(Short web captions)

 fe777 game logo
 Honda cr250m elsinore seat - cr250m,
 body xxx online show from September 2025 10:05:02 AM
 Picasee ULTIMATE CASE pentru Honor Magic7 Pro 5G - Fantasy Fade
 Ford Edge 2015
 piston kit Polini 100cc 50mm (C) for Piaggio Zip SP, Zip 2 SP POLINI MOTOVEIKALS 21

---

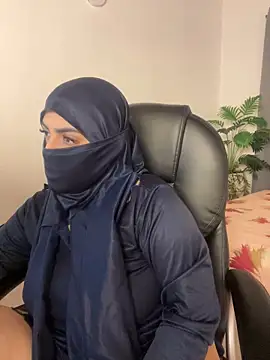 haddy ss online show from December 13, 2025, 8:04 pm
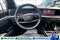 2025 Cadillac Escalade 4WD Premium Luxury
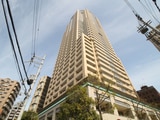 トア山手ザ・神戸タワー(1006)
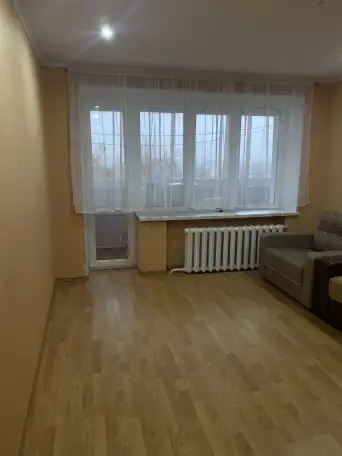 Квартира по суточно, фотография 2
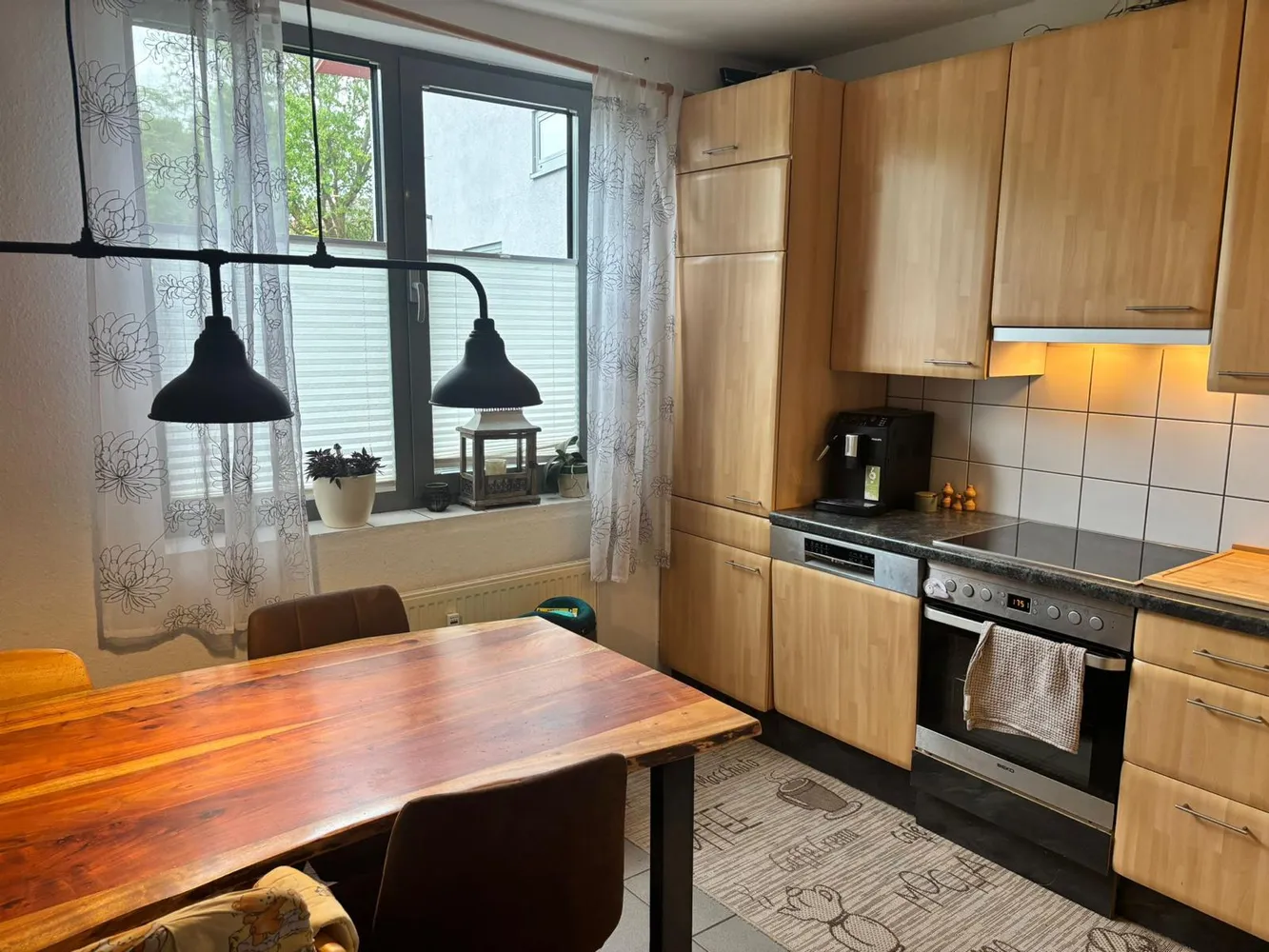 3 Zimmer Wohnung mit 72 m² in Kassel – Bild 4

◆ Work required
Look back at the data above. Transcribe exactly the lines starting at the line that contains "Ford Edge 2015" and ending at the line that contains "piston kit Polini".

◆ Output of the task
 Ford Edge 2015
 piston kit Polini 100cc 50mm (C) for Piaggio Zip SP, Zip 2 SP POLINI MOTOVEIKALS 21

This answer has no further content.